§ Your task
Find the line with "Quercus Palustris - 8" in the entries below. Repeat it, every following line, and the line with "Found a Chubby", exactly and with nothing added.

§ Task material
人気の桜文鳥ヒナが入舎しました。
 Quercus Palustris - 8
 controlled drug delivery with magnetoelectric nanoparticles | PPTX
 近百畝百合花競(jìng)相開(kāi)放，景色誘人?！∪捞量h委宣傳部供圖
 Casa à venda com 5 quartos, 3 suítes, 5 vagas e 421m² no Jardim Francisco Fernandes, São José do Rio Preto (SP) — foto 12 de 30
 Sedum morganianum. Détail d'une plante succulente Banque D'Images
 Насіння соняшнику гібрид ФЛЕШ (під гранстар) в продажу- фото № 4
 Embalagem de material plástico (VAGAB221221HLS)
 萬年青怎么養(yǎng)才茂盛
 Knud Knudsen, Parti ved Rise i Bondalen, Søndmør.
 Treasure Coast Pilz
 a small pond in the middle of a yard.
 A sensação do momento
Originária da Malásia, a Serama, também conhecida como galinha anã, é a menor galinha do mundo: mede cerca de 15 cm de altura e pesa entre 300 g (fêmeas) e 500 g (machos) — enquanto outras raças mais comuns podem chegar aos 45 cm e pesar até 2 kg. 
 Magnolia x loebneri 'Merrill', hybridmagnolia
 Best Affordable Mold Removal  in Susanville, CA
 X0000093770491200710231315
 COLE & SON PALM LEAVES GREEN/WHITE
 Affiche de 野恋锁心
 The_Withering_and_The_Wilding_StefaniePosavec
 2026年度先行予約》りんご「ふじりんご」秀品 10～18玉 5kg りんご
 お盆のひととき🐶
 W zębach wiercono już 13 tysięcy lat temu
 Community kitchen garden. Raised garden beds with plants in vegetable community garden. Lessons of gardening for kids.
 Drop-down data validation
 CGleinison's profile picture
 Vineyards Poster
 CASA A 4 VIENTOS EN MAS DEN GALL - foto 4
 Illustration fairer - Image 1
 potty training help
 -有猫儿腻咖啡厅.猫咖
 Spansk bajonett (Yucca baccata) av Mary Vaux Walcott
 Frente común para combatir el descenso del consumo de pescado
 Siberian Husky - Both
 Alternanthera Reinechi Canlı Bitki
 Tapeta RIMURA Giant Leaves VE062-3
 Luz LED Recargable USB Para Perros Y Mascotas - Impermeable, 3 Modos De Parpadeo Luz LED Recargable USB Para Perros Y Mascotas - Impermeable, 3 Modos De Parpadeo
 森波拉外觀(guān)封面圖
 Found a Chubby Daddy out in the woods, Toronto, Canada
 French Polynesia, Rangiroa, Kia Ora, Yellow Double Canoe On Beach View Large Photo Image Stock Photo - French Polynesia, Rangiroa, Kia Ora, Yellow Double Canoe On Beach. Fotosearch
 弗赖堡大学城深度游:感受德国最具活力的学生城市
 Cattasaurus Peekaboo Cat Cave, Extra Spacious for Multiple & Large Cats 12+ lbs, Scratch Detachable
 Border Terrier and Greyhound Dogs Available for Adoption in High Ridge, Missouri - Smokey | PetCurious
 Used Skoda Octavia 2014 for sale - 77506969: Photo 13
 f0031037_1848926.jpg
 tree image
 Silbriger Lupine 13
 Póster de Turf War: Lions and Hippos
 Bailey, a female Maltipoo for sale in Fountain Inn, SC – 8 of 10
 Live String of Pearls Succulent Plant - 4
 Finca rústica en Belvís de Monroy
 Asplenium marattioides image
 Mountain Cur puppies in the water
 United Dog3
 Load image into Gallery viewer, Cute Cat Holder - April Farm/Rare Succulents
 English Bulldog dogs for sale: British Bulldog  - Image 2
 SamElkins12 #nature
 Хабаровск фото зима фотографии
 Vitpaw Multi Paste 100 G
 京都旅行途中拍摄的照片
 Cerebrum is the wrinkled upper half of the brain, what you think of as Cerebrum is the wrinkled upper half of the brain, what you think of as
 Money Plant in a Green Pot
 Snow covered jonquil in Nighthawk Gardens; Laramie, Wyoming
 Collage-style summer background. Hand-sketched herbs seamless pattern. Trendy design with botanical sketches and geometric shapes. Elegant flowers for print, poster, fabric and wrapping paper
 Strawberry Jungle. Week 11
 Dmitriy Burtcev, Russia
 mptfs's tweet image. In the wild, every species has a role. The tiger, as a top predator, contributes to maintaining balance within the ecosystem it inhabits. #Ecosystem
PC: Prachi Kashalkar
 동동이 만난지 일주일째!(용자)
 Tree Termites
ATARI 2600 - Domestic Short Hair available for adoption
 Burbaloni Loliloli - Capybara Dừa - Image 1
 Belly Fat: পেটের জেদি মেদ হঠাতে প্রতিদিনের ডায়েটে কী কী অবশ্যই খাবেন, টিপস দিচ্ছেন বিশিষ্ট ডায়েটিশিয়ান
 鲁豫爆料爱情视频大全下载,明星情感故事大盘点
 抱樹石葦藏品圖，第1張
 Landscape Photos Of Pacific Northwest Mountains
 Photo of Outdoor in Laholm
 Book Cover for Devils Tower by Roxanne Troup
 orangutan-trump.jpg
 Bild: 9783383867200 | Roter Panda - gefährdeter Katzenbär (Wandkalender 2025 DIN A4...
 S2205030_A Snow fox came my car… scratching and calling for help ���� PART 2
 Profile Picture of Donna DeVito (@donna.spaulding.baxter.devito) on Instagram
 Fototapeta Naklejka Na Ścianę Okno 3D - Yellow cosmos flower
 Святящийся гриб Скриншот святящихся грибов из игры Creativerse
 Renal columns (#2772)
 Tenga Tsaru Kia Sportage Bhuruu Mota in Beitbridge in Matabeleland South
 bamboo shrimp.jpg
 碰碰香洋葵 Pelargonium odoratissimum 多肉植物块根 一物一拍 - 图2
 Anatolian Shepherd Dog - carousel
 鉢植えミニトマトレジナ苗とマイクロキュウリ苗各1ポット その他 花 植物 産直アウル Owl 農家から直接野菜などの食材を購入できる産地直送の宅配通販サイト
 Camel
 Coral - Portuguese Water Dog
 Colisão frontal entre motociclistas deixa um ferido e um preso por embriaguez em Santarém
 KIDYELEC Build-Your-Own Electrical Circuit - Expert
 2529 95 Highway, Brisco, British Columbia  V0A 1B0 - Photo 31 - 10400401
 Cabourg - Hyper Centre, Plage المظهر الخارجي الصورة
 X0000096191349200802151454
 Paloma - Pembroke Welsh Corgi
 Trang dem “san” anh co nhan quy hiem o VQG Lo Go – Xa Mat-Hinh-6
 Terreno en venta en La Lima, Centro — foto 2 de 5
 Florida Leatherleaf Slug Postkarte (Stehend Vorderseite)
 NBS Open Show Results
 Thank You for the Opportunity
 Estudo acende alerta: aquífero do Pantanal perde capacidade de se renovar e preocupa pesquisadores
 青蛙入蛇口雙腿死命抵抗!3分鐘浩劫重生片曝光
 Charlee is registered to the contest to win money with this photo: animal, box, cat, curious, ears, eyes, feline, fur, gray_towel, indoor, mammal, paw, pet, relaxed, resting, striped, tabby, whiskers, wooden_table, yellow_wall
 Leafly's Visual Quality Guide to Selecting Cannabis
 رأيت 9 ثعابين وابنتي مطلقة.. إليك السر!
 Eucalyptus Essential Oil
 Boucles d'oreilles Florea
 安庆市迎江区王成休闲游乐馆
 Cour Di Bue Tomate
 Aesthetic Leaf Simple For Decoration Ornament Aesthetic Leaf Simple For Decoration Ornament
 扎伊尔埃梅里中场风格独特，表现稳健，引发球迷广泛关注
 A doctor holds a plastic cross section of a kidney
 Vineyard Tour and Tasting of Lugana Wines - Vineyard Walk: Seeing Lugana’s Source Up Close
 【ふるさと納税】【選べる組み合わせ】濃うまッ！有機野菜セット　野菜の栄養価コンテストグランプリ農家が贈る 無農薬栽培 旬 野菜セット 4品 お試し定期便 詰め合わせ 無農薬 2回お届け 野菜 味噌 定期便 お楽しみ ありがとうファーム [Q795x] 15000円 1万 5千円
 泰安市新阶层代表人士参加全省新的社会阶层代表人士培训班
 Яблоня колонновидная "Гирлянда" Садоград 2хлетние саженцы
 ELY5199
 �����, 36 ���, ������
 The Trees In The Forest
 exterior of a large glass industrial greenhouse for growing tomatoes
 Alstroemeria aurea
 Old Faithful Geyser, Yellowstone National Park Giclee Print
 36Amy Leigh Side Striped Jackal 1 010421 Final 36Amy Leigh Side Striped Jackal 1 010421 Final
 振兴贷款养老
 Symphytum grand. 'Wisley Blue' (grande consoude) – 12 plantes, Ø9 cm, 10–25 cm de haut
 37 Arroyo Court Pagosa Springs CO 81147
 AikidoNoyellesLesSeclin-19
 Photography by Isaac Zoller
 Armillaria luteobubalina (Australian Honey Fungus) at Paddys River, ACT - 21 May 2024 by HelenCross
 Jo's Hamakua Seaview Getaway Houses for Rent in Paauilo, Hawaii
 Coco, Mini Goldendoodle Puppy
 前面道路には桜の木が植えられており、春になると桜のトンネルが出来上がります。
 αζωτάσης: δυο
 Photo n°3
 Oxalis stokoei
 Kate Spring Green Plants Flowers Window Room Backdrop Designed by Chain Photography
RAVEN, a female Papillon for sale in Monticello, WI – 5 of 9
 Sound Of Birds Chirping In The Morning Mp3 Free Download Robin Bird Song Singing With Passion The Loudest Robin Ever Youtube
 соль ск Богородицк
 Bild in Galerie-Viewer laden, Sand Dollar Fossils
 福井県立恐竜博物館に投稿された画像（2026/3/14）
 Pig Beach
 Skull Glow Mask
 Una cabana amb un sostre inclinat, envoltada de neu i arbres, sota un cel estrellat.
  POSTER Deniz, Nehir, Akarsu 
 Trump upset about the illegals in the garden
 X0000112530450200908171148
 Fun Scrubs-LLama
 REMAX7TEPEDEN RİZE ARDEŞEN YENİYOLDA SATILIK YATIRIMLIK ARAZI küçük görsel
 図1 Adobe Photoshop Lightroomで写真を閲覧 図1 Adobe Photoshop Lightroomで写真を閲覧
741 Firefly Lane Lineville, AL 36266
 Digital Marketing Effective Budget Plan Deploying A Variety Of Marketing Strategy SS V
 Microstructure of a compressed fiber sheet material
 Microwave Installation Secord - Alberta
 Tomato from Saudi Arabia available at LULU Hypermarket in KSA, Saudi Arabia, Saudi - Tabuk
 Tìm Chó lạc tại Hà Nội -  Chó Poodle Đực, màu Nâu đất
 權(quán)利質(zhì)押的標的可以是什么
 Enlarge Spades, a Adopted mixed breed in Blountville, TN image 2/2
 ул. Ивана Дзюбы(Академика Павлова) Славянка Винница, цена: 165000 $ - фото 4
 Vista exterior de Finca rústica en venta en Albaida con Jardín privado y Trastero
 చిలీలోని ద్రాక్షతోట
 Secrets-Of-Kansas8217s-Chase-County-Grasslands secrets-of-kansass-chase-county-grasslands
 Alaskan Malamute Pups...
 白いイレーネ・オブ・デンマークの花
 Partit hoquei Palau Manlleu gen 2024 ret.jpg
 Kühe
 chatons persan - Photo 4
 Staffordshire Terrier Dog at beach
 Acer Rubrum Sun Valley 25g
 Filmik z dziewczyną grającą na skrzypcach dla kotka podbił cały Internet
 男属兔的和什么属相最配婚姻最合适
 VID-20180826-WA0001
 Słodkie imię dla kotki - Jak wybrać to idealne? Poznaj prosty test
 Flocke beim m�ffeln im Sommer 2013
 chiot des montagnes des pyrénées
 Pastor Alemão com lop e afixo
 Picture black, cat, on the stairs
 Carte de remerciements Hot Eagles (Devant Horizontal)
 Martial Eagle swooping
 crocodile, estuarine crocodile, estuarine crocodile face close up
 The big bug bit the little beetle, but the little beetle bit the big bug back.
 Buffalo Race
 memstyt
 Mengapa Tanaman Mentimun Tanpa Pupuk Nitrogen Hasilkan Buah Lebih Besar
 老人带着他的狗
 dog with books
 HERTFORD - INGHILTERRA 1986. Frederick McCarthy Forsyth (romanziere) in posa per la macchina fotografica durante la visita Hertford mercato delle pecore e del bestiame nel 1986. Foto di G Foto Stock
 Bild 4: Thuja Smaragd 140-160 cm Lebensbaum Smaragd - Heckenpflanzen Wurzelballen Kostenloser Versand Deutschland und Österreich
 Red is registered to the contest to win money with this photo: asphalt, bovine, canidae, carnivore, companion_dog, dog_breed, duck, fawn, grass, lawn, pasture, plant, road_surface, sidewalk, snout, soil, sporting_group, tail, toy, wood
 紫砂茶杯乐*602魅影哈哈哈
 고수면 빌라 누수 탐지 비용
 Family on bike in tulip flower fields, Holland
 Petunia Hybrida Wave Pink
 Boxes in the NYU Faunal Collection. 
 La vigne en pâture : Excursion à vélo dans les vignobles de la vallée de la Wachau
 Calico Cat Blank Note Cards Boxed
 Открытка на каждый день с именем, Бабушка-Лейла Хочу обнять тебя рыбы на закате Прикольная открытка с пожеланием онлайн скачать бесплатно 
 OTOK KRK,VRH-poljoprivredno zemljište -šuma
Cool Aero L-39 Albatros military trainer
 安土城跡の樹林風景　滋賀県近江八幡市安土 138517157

§ Expected answer
 Quercus Palustris - 8
 controlled drug delivery with magnetoelectric nanoparticles | PPTX
 近百畝百合花競(jìng)相開(kāi)放，景色誘人?！∪捞量h委宣傳部供圖
 Casa à venda com 5 quartos, 3 suítes, 5 vagas e 421m² no Jardim Francisco Fernandes, São José do Rio Preto (SP) — foto 12 de 30
 Sedum morganianum. Détail d'une plante succulente Banque D'Images
 Насіння соняшнику гібрид ФЛЕШ (під гранстар) в продажу- фото № 4
 Embalagem de material plástico (VAGAB221221HLS)
 萬年青怎么養(yǎng)才茂盛
 Knud Knudsen, Parti ved Rise i Bondalen, Søndmør.
 Treasure Coast Pilz
 a small pond in the middle of a yard.
 A sensação do momento
Originária da Malásia, a Serama, também conhecida como galinha anã, é a menor galinha do mundo: mede cerca de 15 cm de altura e pesa entre 300 g (fêmeas) e 500 g (machos) — enquanto outras raças mais comuns podem chegar aos 45 cm e pesar até 2 kg. 
 Magnolia x loebneri 'Merrill', hybridmagnolia
 Best Affordable Mold Removal  in Susanville, CA
 X0000093770491200710231315
 COLE & SON PALM LEAVES GREEN/WHITE
 Affiche de 野恋锁心
 The_Withering_and_The_Wilding_StefaniePosavec
 2026年度先行予約》りんご「ふじりんご」秀品 10～18玉 5kg りんご
 お盆のひととき🐶
 W zębach wiercono już 13 tysięcy lat temu
 Community kitchen garden. Raised garden beds with plants in vegetable community garden. Lessons of gardening for kids.
 Drop-down data validation
 CGleinison's profile picture
 Vineyards Poster
 CASA A 4 VIENTOS EN MAS DEN GALL - foto 4
 Illustration fairer - Image 1
 potty training help
 -有猫儿腻咖啡厅.猫咖
 Spansk bajonett (Yucca baccata) av Mary Vaux Walcott
 Frente común para combatir el descenso del consumo de pescado
 Siberian Husky - Both
 Alternanthera Reinechi Canlı Bitki
 Tapeta RIMURA Giant Leaves VE062-3
 Luz LED Recargable USB Para Perros Y Mascotas - Impermeable, 3 Modos De Parpadeo Luz LED Recargable USB Para Perros Y Mascotas - Impermeable, 3 Modos De Parpadeo
 森波拉外觀(guān)封面圖
 Found a Chubby Daddy out in the woods, Toronto, Canada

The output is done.